Setting up a Limited Liability Company (LLC) in California may be the best course of action for someone considering launching a business there. The flexibility of a partnership and limited liability of a corporation are combined in an LLC as a company structure. But what precisely is required in California to create an LLC? Let’s look at it.
You must first decide on a name for your LLC. The name must be distinctive and not too close to the name of any other California-registered firm. By conducting an online search of the California Secretary of State’s database, you can determine whether a name is available. By submitting a Name Reservation Request to the Secretary of State’s office after discovering a name that is available, you can reserve it for up to 60 days.

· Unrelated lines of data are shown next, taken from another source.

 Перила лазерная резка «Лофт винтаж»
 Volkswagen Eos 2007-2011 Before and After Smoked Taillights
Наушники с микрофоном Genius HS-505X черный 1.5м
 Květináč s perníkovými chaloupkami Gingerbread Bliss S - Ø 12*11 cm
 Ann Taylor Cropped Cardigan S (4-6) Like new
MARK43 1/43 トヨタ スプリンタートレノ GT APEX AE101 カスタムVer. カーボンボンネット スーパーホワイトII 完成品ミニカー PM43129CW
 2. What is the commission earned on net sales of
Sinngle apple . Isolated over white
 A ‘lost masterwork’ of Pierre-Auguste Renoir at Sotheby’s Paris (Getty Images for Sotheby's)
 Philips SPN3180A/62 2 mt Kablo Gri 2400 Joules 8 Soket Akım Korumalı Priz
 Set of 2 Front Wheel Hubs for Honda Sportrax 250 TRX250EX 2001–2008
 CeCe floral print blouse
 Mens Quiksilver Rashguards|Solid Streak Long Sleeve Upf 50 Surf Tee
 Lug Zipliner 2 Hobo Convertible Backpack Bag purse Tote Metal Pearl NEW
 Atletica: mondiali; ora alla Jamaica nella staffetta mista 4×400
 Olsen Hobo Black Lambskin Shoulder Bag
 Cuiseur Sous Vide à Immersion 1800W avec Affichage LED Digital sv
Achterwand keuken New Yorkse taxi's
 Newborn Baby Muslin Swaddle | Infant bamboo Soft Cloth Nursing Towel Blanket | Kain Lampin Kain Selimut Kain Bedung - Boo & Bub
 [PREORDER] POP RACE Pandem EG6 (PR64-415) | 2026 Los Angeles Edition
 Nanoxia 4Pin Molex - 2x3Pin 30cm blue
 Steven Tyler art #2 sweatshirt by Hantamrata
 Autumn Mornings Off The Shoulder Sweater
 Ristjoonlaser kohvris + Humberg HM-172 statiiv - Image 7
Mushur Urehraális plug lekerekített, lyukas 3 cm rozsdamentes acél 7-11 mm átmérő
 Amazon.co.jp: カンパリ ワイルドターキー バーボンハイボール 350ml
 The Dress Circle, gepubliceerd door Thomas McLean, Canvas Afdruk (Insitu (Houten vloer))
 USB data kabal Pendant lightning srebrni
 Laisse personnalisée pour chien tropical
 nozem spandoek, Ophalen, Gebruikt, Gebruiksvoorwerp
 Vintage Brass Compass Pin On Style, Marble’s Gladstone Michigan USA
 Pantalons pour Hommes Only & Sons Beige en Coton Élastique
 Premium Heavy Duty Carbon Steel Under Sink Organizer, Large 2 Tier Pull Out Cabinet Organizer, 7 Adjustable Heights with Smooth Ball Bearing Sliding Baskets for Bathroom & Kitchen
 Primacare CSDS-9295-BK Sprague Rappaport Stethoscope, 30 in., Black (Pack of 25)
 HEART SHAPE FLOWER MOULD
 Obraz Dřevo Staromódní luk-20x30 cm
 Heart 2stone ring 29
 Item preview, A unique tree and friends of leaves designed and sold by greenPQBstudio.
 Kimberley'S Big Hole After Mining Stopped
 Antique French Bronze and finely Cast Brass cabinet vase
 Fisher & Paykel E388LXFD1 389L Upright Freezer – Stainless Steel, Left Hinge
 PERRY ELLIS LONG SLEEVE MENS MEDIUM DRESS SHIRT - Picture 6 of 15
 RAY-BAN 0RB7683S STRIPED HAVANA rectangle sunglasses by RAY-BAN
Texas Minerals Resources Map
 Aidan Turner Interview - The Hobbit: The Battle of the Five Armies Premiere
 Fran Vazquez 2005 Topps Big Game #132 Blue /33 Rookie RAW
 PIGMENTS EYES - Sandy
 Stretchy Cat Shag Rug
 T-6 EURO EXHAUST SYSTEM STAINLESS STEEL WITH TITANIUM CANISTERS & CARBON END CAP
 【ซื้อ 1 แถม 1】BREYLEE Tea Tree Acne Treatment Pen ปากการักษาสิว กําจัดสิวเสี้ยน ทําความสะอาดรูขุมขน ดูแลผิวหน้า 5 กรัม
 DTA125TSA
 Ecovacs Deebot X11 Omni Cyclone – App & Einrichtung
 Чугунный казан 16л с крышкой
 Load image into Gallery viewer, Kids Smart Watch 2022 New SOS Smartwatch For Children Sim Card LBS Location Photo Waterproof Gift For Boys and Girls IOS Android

Articles of Organization must then be submitted to the Secretary of State’s office. In this document, your LLC is formally established, and you may find out the company’s name, objectives, and address. Articles of Organization are currently filed at a charge of $70.
The Secretary of State’s office must first approve your LLC before you can apply for an Employer Identification Number (EIN) from the Internal Revenue Service (IRS). An EIN is a distinct nine-digit number that serves as your company’s tax identification number. An EIN is required to open a bank account, hire staff, and file taxes. A free online EIN application is available.
LLCs are exempt from needing a state business license in California. However, you might need to acquire a regional business license or permission depending on the type of your enterprise. For instance, the local health department will require that you get a food service permit if you’re opening a restaurant. To find out what licenses and permissions are necessary for your particular business, contact your city or county.
Last but not least, establishing an LLC in California entails selecting a distinctive name, submitting Articles of Organization, obtaining an EIN, and sometimes acquiring regional licenses and permissions. Currently, the filing fee plus any additional fees for state licenses and permissions totals $70 to incorporate an LLC in California. If you’re unclear of the procedure, think considering employing an internet formation service or speaking with a company attorney to make sure everything is done properly.
You can submit your LLC’s original articles of formation before the 15th day of the fourth month of the current tax year to avoid paying the $800 franchise tax in California. The franchise tax may also be decreased or eliminated if you want to be taxed as a S corporation rather than a regular corporation. For guidance tailored to your case, it is advised that you speak with a tax specialist.